Aquello que se denomina “drama moderno” o “drama burgués”, o también el “postulado Ibsen Shaw”, ha dado pie a esta superstición. En el drama moderno la estructura y la construcción dominan, incluso más allá de la incoherencia poética o de los hechos irrelevantes que estas suponen. El autor es un arquitecto que construye albergues para las ficciones, variados eventos que se vuelven creíbles y relevantes sólo porque están protegidos de la lluvia de lo improbable.
Cada una de estas ficciones o estructuras móviles es guiada por una flecha narrativa. Pero cuidado, solo una por cada ficción: William Tell es una historia bien contada porque sólo una flecha corta en dos una sola manzana, pero la batalla de Azincourt no lo es, porque el enjambre de flechas de Robin Hood y su pueblo no nos permiten leer el tiempo en el reloj narrativo, cubierto por nubes de flechas, cada una guiada por su pequeña intriga independiente. “Nubes y no relojes”, diría Karl Popper.
En el drama moderno, la proliferación de hechos truncados no es aceptable porque nos extravía de la noción de causalidad inherente en la idea de verosimilitud, sin la cual no habría historia alguna.
Muy bien.
¿Pero qué sucede si aplicamos estas reglas sacrosantas a la adaptación cinematográfica de las novelas que constituyen Misterios de Lisboa? De los cien o más personajes que se encuentran y pierden unos a otros en la Lisboa de Castelo Branco, ni siquiera uno solo es capaz de explicar el porqué de sus acciones; acciones que son casi imperceptibles, con consecuencias impalpables y un futuro indescifrable.
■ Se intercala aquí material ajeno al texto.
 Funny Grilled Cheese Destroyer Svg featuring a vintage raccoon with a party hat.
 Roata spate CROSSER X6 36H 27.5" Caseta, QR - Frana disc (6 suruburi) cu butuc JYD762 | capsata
De hecho, se me viene a la mente una parábola islámica. Ali le dice a su esposa:
―Si no llueve mañana, iré a trabajar a los campos; si llueve, me quedaré en casa.
Y su esposa le responde:
―Se te olvidó decir “Dios mediante.”
―¿Para qué? Sólo Dios puede decidir si lloverá o no.
Al día siguiente, no llueve. Ali va a los campos y unos bandidos lo atrapan. Luego las tropas del sultán arrestan a los bandidos y a Ali con ellos. Son enviados a las horcas, pero éstas son atacadas por barcos Cristianos. Ali es hecho prisionero y convertido en esclavo. Muchas otras cosas suceden. Pasan diez años. Ali regresa a casa. Golpea su puerta. Su esposa pregunta:
―¿Quién es?
―Soy Ali, tu esposo. Dios mediante.
Pero uno nunca sabe lo que Dios quiere, diría Camilo.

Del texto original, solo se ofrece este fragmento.